Gay marriage, unions focus of parliament

Liberal front bencher George Brandis concedes that the return from the winter recess proved a boisterous week in parliament, but said it was “nonsense” to say the government was in disarray.


Fellow minister Michael Keenan says when parliament returns on Monday the government will be back to business, focusing on the things that are important for the future of Australia.

But two issues that overshadowed proceedings last week, union corruption and same-sex marriage, will again dominate the start of the four-day parliamentary week.

Labor’s workplace relations spokesman Brendan O’Connor has vowed to pursue the government over unions royal commissioner Dyson Heydon after he had originally agreed to address a Liberal-organised event before pulling out.

Meanwhile, Employment Minister Eric Abetz is in talks with crossbench senators to secure the passing in the Senate of two bills – one to restore the Australian Building and Construction Commission and the other to set up a registered organisations commission.

He says a special “cop on the beat” will clean up the construction industry and help boost investment and jobs.

However, crossbench senators want more safeguards in the laws including a time limit on the ABCC’s coercive powers.
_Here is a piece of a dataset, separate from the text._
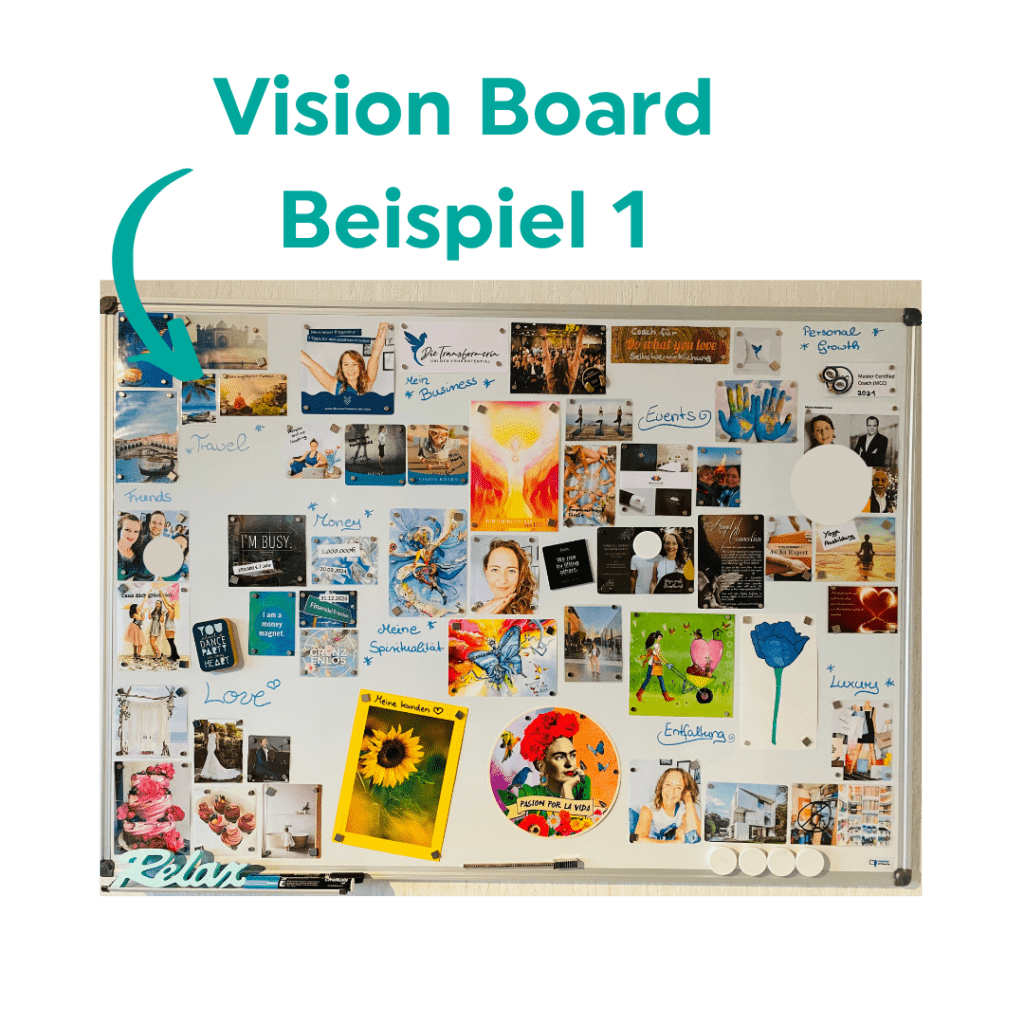 Bild zeigt ein Beispiel eines Vision Boards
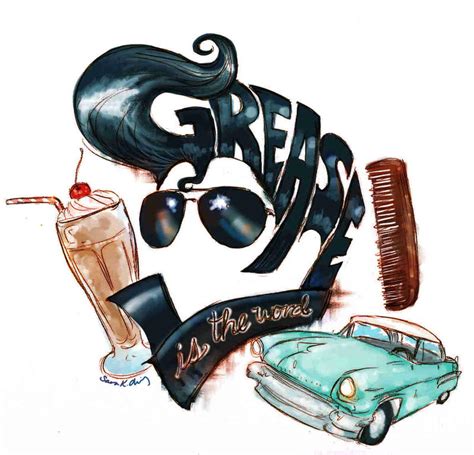 Grease Logo by Kumu18 on DeviantArt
Labor says police and anti-corruption authorities have all the powers they need to deal with misconduct by unions and employers.

Also on Monday, Liberal National Party MP Warren Entsch will introduce his bill – which has cross-party support – to allow for same-sex marriage.

The bill is unlikely to come on for a vote before the end of the parliamentary term.

Cabinet will meet, its first gathering since the coalition joint party room voted not to have a conscience vote on gay marriage, instead leaving the decision to the people.

Intelligence committee chairman Dan Tehan will update the parliament on when he expects his inquiry into the controversial citizenship bill to conclude.

The China free trade agreement will come under the spotlight on Monday, with dairy industry representatives and the Department of Foreign Affairs and Trade giving evidence at a public hearing of the treaties committee.

The Senate will receive reports on multinational taxation, out-of-home care, community service tendering processes by the Department of Social Services, violence against women and the circumstances surrounding a letter sent to Senator Brandis by Sydney siege gunman Man Haron Monis.